# Exercise:
Find the line below with "Central Green, 1" and the line with "Buick GL8 2022". Output exactly those lines and everything between them, leaving out the pictures.

# Provided information:
____

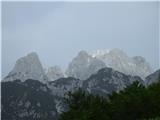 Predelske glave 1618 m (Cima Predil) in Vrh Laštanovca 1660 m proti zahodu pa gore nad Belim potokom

____

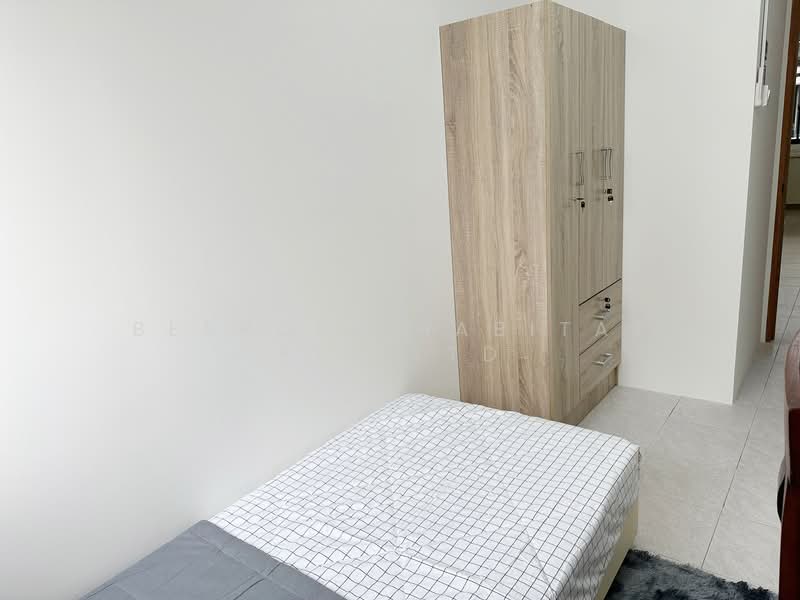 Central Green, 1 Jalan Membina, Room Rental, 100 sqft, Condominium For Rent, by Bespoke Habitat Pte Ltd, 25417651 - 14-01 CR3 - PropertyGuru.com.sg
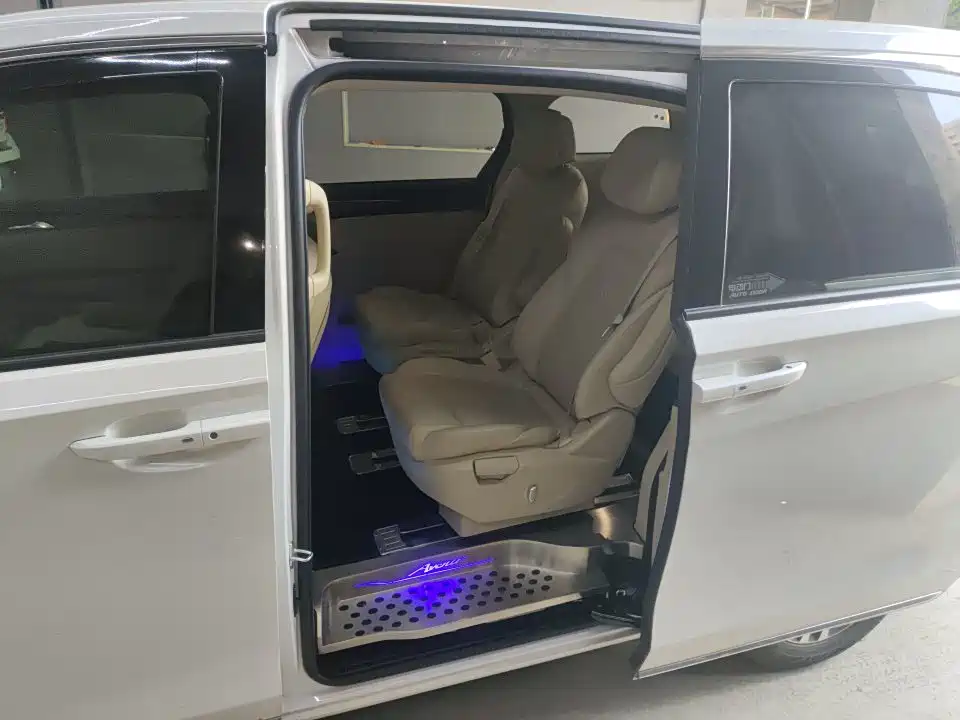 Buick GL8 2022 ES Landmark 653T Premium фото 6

____

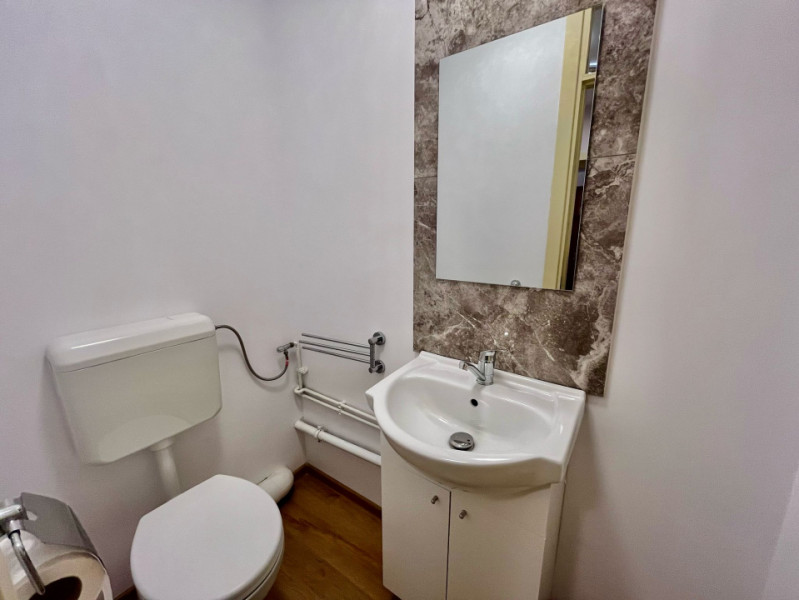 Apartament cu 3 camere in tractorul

____

# Task response:
 Central Green, 1 Jalan Membina, Room Rental, 100 sqft, Condominium For Rent, by Bespoke Habitat Pte Ltd, 25417651 - 14-01 CR3 - PropertyGuru.com.sg
 Buick GL8 2022 ES Landmark 653T Premium фото 6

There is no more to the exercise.